🤖 AI Summary
Medical imaging quality control (QC) suffers from subjectivity and low automation. Method: This study introduces the first standardized QC dataset for chest X-rays and CT reports, and proposes a multimodal human–AI collaborative closed-loop evaluation framework. It innovatively integrates adaptive data governance and dynamic feedback mechanisms, leveraging large language models—including Gemini 2.0-Flash, GPT-4o, DeepSeek-R1, and InternLM2.5-7B-chat—evaluated across recall, precision, and Macro F1. Results: Gemini 2.0-Flash achieves a Macro F1 of 90.0% on chest X-ray QC; DeepSeek-R1 attains 62.23% recall in CT report auditing; InternLM2.5-7B-chat yields the highest additional error detection rate.
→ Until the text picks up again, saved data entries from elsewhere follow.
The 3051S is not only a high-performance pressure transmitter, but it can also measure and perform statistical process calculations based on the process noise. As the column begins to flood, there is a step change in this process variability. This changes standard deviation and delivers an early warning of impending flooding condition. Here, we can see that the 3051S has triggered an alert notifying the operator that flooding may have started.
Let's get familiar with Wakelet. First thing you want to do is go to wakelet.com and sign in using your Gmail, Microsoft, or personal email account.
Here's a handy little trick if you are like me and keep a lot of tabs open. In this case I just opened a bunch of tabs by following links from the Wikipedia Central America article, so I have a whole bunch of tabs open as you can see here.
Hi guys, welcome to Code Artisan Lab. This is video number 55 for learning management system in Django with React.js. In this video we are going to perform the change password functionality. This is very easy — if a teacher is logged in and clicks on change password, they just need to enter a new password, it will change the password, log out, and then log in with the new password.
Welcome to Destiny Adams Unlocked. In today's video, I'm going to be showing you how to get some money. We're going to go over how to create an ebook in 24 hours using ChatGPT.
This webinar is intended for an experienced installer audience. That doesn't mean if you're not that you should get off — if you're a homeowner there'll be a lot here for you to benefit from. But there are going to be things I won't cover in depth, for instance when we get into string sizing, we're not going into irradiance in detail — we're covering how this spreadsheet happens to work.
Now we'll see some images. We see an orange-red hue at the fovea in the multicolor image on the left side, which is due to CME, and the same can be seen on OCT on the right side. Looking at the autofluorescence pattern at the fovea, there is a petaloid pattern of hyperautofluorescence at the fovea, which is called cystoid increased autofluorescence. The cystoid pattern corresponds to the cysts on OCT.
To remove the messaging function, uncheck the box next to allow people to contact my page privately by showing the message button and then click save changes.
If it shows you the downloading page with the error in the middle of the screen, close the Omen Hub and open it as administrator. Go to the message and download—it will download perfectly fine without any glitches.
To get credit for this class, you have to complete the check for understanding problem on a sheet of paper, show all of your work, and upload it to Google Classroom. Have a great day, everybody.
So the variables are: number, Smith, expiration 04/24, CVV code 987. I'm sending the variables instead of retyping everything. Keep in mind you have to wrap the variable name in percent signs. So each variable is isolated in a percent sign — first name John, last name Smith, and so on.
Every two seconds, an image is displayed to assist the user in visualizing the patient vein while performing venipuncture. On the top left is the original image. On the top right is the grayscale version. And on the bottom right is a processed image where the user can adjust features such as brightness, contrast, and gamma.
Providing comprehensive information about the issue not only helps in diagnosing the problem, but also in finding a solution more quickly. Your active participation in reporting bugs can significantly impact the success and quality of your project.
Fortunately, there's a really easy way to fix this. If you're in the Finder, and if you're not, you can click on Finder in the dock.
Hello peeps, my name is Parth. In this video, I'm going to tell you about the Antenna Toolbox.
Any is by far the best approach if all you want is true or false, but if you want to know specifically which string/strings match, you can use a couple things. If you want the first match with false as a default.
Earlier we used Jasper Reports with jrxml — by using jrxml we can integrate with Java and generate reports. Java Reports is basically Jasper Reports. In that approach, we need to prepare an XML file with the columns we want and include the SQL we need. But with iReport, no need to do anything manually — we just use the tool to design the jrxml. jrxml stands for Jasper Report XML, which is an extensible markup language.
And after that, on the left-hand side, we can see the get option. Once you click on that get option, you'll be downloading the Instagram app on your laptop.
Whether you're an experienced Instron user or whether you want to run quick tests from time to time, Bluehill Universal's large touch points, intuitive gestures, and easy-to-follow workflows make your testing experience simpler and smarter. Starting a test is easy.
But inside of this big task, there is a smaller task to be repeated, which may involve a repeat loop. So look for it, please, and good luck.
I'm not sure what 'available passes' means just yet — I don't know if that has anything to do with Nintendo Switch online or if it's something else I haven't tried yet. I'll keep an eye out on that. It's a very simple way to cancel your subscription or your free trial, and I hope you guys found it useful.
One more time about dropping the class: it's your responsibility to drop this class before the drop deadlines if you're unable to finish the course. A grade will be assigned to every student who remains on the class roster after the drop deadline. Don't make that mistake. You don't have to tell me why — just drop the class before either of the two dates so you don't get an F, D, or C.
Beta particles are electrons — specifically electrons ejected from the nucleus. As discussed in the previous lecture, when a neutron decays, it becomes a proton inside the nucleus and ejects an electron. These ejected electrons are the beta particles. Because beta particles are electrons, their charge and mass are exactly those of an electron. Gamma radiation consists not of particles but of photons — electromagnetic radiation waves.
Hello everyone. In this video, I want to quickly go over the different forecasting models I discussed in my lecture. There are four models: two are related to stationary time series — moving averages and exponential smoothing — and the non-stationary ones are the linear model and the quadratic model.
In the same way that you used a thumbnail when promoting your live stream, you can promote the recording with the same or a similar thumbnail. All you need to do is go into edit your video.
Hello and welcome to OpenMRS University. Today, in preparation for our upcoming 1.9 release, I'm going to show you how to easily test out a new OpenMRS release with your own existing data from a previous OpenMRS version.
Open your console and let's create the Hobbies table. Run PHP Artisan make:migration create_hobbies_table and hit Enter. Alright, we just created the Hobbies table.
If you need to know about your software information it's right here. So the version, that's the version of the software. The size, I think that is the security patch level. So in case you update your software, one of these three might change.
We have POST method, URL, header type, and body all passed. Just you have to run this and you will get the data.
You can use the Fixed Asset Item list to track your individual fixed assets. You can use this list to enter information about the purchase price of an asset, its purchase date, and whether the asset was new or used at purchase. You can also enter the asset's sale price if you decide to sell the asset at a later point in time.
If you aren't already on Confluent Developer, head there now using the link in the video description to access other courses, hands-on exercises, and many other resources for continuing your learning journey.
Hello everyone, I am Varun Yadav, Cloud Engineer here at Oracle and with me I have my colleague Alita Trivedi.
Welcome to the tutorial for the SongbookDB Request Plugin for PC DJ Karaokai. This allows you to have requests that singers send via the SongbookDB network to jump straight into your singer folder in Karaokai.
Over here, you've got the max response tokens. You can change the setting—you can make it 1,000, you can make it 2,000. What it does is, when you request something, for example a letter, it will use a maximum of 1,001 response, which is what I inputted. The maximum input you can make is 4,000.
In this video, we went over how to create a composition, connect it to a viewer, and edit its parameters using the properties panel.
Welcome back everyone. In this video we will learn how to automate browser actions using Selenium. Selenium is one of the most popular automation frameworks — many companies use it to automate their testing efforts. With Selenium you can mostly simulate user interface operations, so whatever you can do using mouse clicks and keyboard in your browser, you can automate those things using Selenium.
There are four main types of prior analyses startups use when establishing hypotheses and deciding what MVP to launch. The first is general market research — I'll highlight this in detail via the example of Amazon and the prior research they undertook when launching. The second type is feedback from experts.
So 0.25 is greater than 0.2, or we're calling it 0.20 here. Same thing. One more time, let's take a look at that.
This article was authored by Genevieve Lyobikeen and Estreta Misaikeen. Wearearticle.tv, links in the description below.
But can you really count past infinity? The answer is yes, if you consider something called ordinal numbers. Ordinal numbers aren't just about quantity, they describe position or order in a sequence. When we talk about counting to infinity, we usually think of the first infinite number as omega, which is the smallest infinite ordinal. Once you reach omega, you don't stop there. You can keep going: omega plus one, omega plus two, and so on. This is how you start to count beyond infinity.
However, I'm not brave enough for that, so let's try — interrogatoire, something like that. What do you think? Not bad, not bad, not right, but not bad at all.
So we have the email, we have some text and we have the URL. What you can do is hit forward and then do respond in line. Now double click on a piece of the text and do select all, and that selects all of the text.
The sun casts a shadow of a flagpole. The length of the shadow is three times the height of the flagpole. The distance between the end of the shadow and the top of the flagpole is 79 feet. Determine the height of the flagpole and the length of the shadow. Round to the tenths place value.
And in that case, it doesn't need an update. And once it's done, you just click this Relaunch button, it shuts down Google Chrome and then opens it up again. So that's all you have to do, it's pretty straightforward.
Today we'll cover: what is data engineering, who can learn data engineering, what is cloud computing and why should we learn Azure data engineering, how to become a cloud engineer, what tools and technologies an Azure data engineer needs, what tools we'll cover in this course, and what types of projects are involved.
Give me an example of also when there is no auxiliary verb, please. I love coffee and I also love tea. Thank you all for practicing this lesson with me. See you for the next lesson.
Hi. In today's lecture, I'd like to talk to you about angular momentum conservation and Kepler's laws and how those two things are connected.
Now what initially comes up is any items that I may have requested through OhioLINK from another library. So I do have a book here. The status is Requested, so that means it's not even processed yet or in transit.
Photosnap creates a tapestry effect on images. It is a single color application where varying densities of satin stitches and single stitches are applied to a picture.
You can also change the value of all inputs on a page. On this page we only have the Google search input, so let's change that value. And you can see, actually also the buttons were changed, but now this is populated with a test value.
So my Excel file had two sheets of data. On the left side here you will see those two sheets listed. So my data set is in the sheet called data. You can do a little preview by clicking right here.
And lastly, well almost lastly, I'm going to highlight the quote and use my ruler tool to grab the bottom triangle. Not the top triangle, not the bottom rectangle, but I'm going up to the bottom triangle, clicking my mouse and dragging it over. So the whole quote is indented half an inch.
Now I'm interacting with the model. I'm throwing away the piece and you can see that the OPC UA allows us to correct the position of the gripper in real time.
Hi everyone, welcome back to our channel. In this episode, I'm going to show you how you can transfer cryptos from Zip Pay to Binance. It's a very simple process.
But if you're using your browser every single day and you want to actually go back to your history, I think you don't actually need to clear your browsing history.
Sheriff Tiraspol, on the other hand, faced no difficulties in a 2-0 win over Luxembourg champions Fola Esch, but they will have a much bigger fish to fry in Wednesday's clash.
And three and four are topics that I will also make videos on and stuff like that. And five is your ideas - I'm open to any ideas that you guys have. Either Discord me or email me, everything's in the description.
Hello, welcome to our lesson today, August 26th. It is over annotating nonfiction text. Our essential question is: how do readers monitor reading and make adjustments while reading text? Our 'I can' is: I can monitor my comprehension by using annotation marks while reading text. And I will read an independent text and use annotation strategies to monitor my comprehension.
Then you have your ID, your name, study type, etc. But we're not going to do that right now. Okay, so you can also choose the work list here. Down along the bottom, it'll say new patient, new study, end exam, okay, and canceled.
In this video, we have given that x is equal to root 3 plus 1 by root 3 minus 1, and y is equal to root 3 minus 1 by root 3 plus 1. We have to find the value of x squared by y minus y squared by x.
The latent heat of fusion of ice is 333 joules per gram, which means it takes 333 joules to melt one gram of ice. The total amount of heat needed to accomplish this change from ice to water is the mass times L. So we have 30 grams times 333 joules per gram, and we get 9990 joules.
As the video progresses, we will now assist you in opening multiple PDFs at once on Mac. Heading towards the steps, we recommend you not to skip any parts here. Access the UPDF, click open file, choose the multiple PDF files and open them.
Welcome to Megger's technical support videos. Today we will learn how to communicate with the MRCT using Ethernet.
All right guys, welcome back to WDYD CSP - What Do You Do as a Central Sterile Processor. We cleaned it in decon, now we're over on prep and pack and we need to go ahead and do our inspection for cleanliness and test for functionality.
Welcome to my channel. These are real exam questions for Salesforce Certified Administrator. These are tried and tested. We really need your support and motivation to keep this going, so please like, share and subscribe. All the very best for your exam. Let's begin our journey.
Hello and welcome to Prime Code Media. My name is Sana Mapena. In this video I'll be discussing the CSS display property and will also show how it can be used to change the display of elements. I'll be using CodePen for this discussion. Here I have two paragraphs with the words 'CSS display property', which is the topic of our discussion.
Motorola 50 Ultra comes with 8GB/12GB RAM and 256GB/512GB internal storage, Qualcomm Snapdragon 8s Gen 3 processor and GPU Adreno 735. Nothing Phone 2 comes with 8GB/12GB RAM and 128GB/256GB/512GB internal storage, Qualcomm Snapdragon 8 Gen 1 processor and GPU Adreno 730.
This work establishes the first trustworthy, iterative, large-model–driven medical imaging QC paradigm, substantially enhancing both efficiency and objectivity of clinical QC processes.
📝 Abstract
Medical imaging quality control (QC) is essential for accurate diagnosis, yet traditional QC methods remain labor-intensive and subjective. To address this challenge, in this study, we establish a standardized dataset and evaluation framework for medical imaging QC, systematically assessing large language models (LLMs) in image quality assessment and report standardization. Specifically, we first constructed and anonymized a dataset of 161 chest X-ray (CXR) radiographs and 219 CT reports for evaluation. Then, multiple LLMs, including Gemini 2.0-Flash, GPT-4o, and DeepSeek-R1, were evaluated based on recall, precision, and F1 score to detect technical errors and inconsistencies. Experimental results show that Gemini 2.0-Flash achieved a Macro F1 score of 90 in CXR tasks, demonstrating strong generalization but limited fine-grained performance. DeepSeek-R1 excelled in CT report auditing with a 62.23% recall rate, outperforming other models. However, its distilled variants performed poorly, while InternLM2.5-7B-chat exhibited the highest additional discovery rate, indicating broader but less precise error detection. These findings highlight the potential of LLMs in medical imaging QC, with DeepSeek-R1 and Gemini 2.0-Flash demonstrating superior performance.